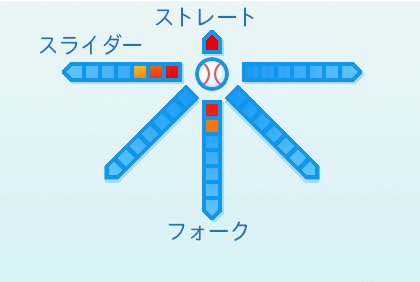 長谷部銀次の球種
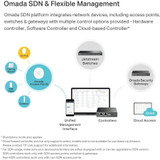 TP-Link EAP620 HD_V2 - Omada WiFi 6 AX1800 Wireless Gigabit Access Point for High-Density Deployment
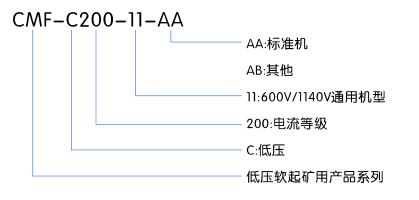 低壓礦用軟起動器(圖1)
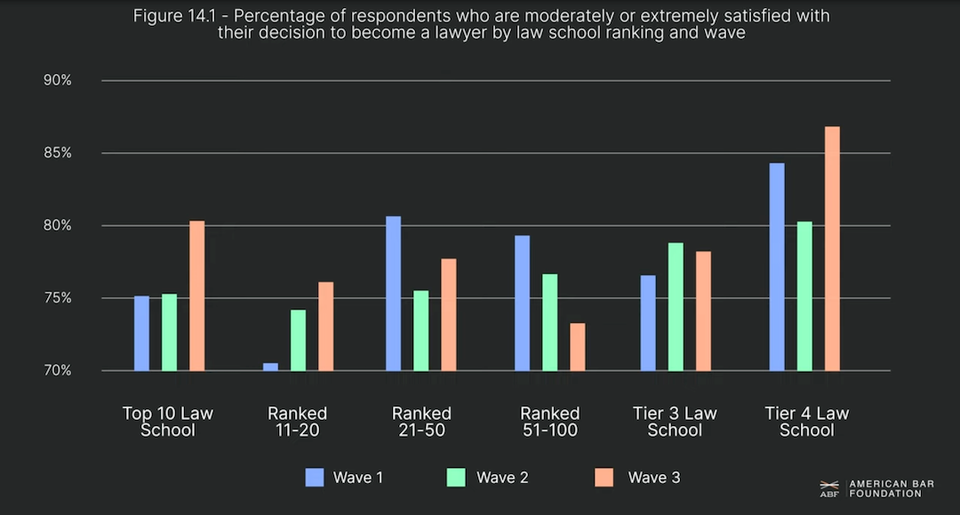 Harvard Highlights Groundbreaking Research Project on Realities of Legal Careers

------------------------------

### What is required
Omit every picture, then repeat the remaining data exactly as it appears above.

### Response to the exercise
 長谷部銀次の球種
 TP-Link EAP620 HD_V2 - Omada WiFi 6 AX1800 Wireless Gigabit Access Point for High-Density Deployment
 低壓礦用軟起動器(圖1)
 Harvard Highlights Groundbreaking Research Project on Realities of Legal Careers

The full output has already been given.